Sì, molti. Ne ricordo due. È dall’età di dieci anni fino ad oggi che io mi occupo di tutta la burocrazia della mia famiglia, cosa che solitamente non spetta ai bambini, invece per me era necessario, come anche far da interprete ai miei genitori perché loro ovviamente ci hanno messo di più a imparare l’italiano. Col tempo però questa cosa mi è diventata molto pesante, perché ti fa sentire diversa dagli altri. Stessa cosa per il rinnovo del permesso di soggiorno: fila all’alba, file lunghissime, al freddo, al sole, dove a nessuno gliene frega niente delle tue condizioni, e del fatto che tu debba perdere un giorno di scuola per andare a rinnovare il permesso di soggiorno o che a 14 anni ti debbano prendere le impronte digitali perché sei una figlia di immigrati.
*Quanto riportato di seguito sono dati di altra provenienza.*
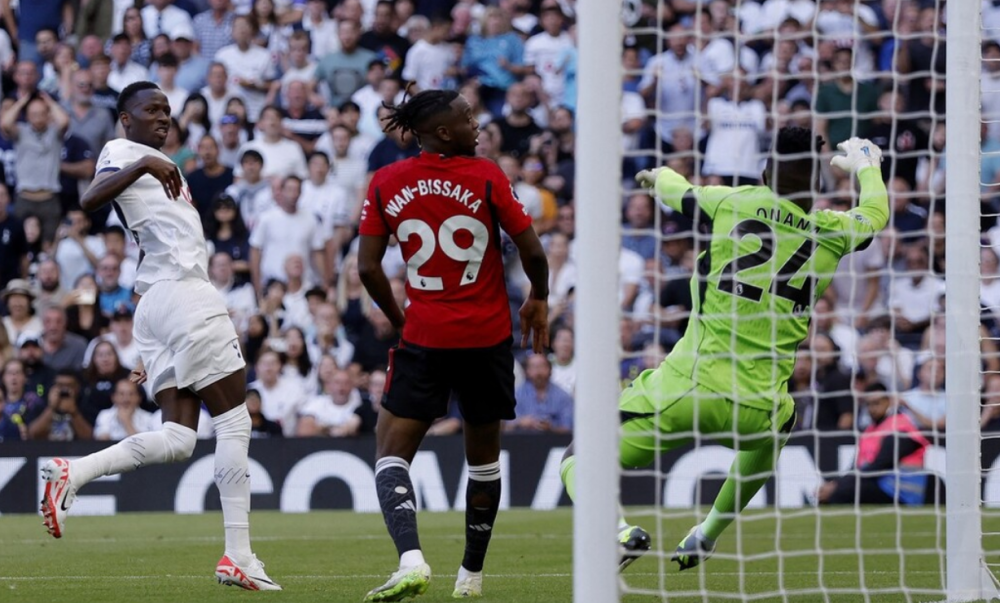  热刺年轻门将连续扑点建功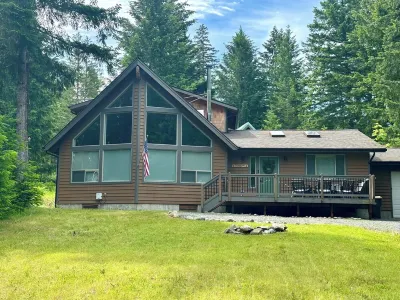 Timberline Retreat at Packwood / Mt. Rainier / White Pass Hotels near La Wis Wis Campground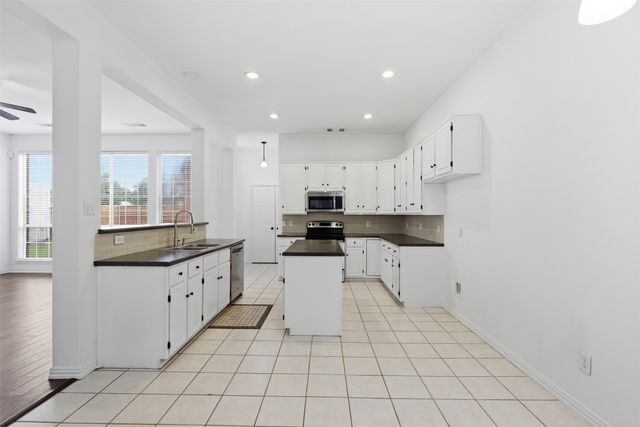 3221 Corning Drive, Plano, TX 75023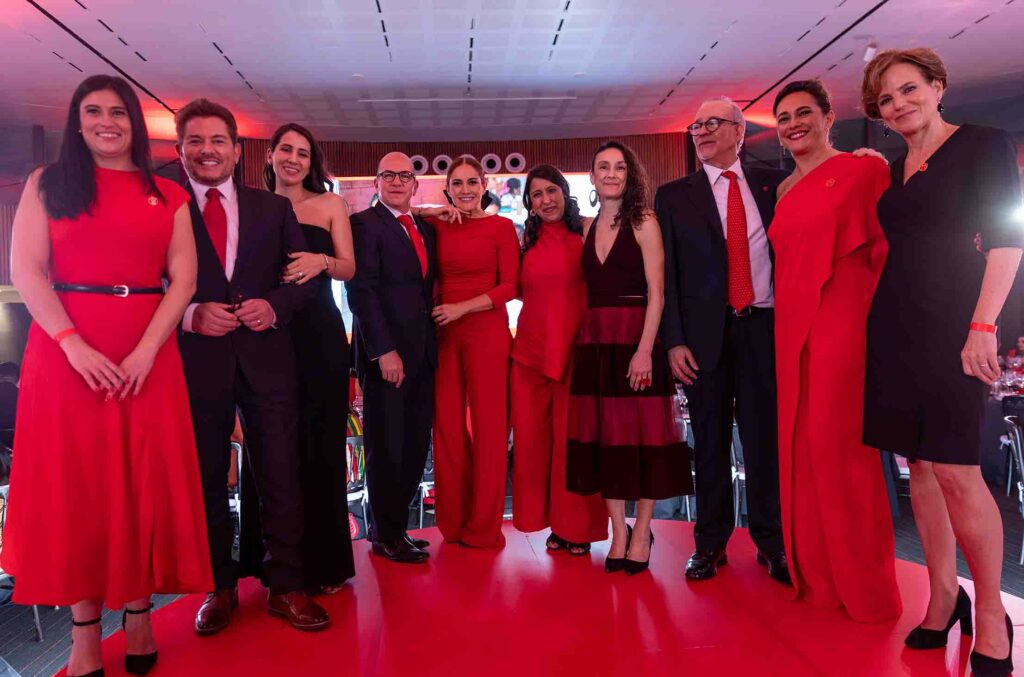 EMBAJADORES CENA EN ROJO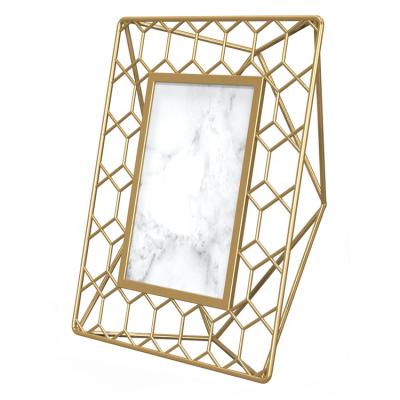 China Modern Luxury Mayco Metal Iron Gold Family Picture Frames Rack for sale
 Ci sono tradizioni da conservare?
Alle medie ho cominciato a sentire di essere “in mezzo” tra la crescita in Italia e i genitori albanesi che ci tenevano che io conservassi anche i valori e le tradizioni albanesi. Di solito i migranti sono molto legati alle tradizioni e rischiano di portare avanti dinamiche che non sono più presenti neanche nel paese di origine. Si sentono come in dovere di appartenere ancora alla propria terra, per cui esasperano una mentalità e certi comportamenti che magari sono già cambiati nei paesi d’origine. Su tanti temi una cosa che mi diceva spesso mio papà o mia mamma era: «Ma noi siamo albanesi!».
Ci sono degli aspetti culturali da conservare, legati alle festività, alla musica e al cibo. Ci sono anche aspetti religiosi, ma non molto nella mia famiglia. In Albania poi c’è stata la dittatura comunista che ha ufficialmente eliminato la religione dallo Stato, anche se in realtà la religione non ha mai smesso di esistere: le persone continuavano comunque a vedersi, a pregare di nascosto anche durante la dittatura.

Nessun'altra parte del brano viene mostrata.